After almost seven years a camera and its contents have been returned to their owner, thanks to a very identifiable T-shirt.
UK holiday-maker Rory Fitzgerald spotted the camera while on a diving trip to Australia. He retrieved the camera from the bottom of Sydney’s Balmoral Bay and 3.5GB of photos on a trip in 2015 and had been looking for its owner ever since.
The camera itself was damaged beyond repair but, to his surprise, the memory card contained a treasure trove of clues.
In July 2015 Fitzgerald posted a photo from the mystery camera to Facebook.

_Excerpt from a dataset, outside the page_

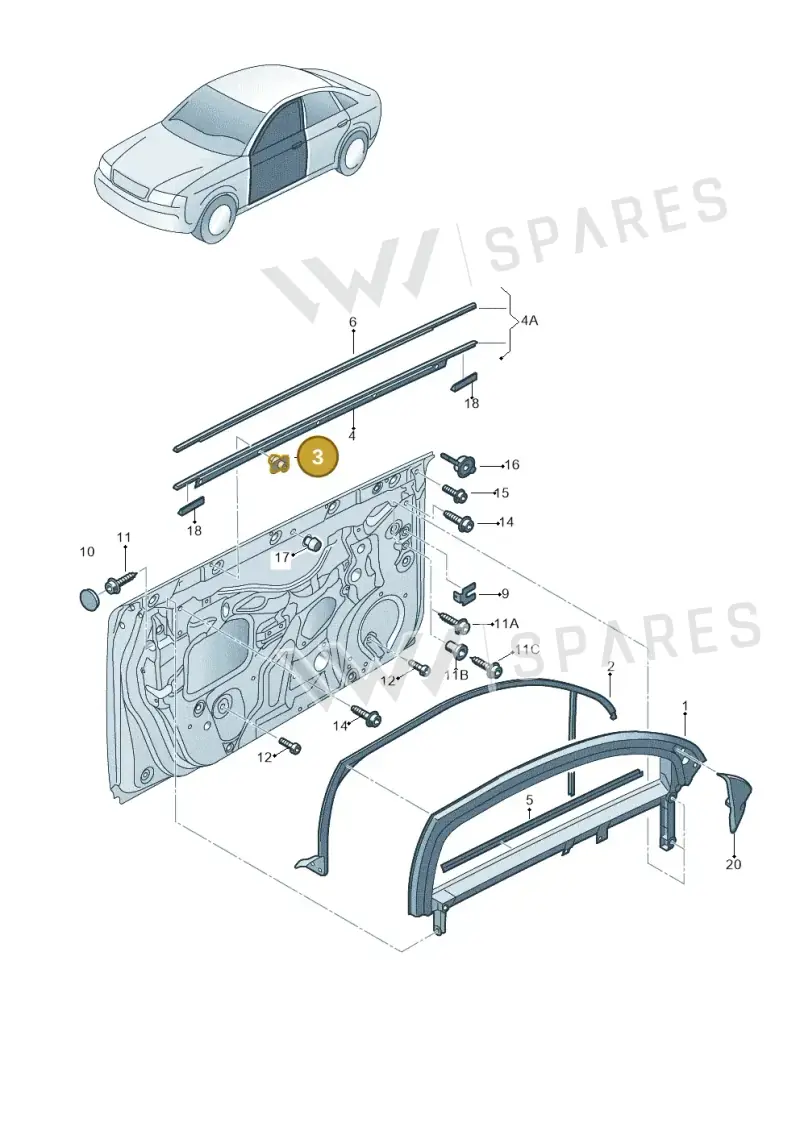 8L3837199B — SEAT Exeo ST Reference (2008-2011) diagram 249837400, position 3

“This may be a long shot, but I am trying to reunite someone with a lost memory card which I found while visiting Australia …” he wrote.

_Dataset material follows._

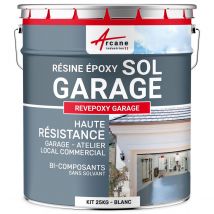 Peinture Epoxy Sol Garage - Revepoxy Garage - 25 Kg (jusqu'à 80 M² En 2 Couches) - Blanc - Arcane Industries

Among the clues at his disposal were images of a Singaporean driving license belonging to Lee Lisheng, Lydon and a man in a race T-shirt from the Marina 21k race in Singapore.

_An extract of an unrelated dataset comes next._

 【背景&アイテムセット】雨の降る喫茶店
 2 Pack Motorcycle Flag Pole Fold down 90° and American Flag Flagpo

He thought it was all in vain until in 2020, he received a message out of the blue from someone claiming to be its owner.
Apparently Lydon stumbled across the post when he was Googling his name, years after the discovery, when the lost camera was a distant memory.
“Well, Facebook did its stuff!” wrote the diver last Friday, in a very late update to the post.
Lydon and Fitzgerald finally met this week after he was visiting the UK for a friend’s wedding.
“Today, I met with and reunited Lyndon Lee with his long lost (around 3.5Gb) photo memories.”
It turns out the man in the T-shirt was in fact a not Lydon but a friend, he instantly recognized the pictures and the memories of the trip to Australia came flooding back.”
Fitzgerald, who is a long distance swimmer, travels the world for competitions and events. He said the adventure of the memory card was a lesson that what goes on social media stays on social media forever – and sometimes that’s not a bad thing.
He and his partner have been making friends by returning objects he finds under water for years.
“I’ve been swimming across the globe and you find a lot of things, most often golf balls,” he told the BBC.
“I like to do the right thing and return objects to where they belong,”
He can’t wait to make the return trip to Singapore, he said.